After WWII, unlike after WWI, America didn't disarm. Not something a "peace loving" nation would decide to do. The "Cold War" with the Soviets was but a convenient excuse to continue to pour GDP into military might. The U.S. could have maintained military supremacy over the Soviets with a fraction of the amount of GDP actually spent.
The focus on the military industrial complex served, as an aside to this conversation, to allow other nations to take the lead in consumer electronics. By the end of the "Cold War", nary a TV, radio or any other commercial electronic device (save computers, but they went later) were designed or manufactured in the U.S. Ironically, the fact that military electronics are now essentially manufactured by a potential future foe (China) makes me feel even less safe than if China actually had a military strong enough to threaten the United States.

Comment: Re: should slashdot be asking if the U.S. should b (Score 1) 659

by Chickenlips (#44825815) Attached to: Should the U.S. bomb Syria?
Check out what the Japanese did in Nanking in the 1930's. https://en.wikipedia.org/wiki/Nanking_Massacre. The Japanese leadership of the era was not good (gross understatement). And surrender wasn't an option for the Japanese military. In fact, they brutalized enemies that surrendered to them, because in their eyes it was cowardly. Surrendering made you sub-human in their eyes.

I truly wish that neither WWI or WWII were fought at all.
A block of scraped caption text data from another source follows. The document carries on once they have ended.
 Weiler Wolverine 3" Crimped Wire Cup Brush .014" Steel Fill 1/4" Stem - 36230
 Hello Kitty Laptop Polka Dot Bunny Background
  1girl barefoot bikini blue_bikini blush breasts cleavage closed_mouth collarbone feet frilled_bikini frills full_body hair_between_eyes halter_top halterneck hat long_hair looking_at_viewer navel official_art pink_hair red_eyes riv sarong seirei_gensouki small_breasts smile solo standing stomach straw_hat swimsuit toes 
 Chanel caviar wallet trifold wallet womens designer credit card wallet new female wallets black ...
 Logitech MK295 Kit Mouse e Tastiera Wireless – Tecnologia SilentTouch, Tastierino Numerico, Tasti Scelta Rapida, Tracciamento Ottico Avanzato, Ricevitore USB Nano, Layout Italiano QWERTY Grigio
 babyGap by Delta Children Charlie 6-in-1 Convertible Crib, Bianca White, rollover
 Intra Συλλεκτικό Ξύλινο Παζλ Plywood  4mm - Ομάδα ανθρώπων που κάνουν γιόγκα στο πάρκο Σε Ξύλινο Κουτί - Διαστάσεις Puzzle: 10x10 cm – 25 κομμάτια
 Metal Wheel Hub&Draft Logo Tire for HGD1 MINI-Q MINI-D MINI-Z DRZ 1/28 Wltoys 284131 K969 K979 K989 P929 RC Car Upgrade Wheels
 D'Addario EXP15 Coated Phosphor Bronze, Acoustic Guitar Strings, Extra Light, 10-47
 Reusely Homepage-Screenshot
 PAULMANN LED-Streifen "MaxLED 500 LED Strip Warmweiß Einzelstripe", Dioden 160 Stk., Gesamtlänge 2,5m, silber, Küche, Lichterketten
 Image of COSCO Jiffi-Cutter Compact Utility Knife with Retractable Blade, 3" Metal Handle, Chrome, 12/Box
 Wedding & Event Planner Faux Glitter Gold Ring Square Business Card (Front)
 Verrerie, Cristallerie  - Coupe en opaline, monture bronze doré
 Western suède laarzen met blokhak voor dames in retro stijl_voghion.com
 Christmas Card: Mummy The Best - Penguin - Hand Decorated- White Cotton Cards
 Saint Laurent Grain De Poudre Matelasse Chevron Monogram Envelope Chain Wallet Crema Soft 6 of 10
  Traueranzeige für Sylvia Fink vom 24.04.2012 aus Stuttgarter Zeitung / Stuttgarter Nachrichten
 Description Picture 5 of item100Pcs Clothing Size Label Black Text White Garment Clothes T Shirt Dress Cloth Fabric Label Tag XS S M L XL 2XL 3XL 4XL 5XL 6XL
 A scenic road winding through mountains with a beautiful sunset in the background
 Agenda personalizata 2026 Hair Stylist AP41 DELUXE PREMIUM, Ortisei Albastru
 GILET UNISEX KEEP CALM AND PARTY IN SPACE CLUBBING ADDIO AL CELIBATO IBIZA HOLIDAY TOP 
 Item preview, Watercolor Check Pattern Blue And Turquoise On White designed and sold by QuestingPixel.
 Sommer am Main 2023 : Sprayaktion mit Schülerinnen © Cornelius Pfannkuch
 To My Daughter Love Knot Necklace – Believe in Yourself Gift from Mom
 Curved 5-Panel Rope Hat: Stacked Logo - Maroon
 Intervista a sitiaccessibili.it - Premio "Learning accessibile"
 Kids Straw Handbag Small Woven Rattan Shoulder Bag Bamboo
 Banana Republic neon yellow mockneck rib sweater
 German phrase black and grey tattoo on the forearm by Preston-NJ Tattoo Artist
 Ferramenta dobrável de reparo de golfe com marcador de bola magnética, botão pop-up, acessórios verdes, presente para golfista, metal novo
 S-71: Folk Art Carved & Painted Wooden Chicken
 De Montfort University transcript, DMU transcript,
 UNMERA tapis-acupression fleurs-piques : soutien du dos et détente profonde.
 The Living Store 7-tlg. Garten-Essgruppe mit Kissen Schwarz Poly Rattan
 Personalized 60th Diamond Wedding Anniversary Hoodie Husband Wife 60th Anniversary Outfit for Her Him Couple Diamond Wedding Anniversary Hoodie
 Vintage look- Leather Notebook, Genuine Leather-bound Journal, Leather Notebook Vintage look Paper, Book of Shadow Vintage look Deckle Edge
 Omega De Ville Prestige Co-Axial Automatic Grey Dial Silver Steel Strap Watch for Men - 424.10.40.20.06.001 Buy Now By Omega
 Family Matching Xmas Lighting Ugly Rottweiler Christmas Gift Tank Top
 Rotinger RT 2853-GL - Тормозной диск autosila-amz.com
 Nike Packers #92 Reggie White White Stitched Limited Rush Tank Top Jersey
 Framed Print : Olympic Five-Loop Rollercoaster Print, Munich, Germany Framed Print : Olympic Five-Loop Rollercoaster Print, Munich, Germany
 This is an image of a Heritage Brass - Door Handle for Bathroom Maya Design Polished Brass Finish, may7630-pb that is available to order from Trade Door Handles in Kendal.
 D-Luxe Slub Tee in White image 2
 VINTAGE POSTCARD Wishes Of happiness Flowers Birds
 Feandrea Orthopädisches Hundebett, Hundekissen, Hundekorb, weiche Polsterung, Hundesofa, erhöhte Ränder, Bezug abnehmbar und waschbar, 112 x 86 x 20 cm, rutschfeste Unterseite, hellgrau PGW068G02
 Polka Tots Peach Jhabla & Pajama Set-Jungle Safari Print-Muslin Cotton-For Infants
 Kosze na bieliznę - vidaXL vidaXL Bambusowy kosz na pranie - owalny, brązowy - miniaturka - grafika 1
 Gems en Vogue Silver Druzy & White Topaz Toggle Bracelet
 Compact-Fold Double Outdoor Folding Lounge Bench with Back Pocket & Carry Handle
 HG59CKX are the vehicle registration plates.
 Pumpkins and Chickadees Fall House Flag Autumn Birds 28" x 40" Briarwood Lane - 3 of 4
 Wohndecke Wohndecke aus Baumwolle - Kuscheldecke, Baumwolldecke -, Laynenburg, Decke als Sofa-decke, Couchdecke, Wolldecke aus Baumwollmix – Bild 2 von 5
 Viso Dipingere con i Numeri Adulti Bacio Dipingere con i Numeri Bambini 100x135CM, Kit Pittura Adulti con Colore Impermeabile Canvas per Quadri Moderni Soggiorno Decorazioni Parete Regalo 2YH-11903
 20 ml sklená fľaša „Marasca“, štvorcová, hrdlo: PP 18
And I truly wish the A-bomb had not been dropped on a civilian city (although the justification was its participation in the Japanese military industrial complex). But by some estimates, it would've cost a million lives - Japanese and American, to successfully invade and conquer mainland Japan.

Japanese died and suffered horribly as a result of those A-Bombs. Japan as a whole was able to forgo even worse bloodshed by using the A-Bombs as an irresistible context to surrender. The military attempted a coup - they wanted to fight to the last Japanese life. In the final analysis, which side was more concerned with the overall preservation of life?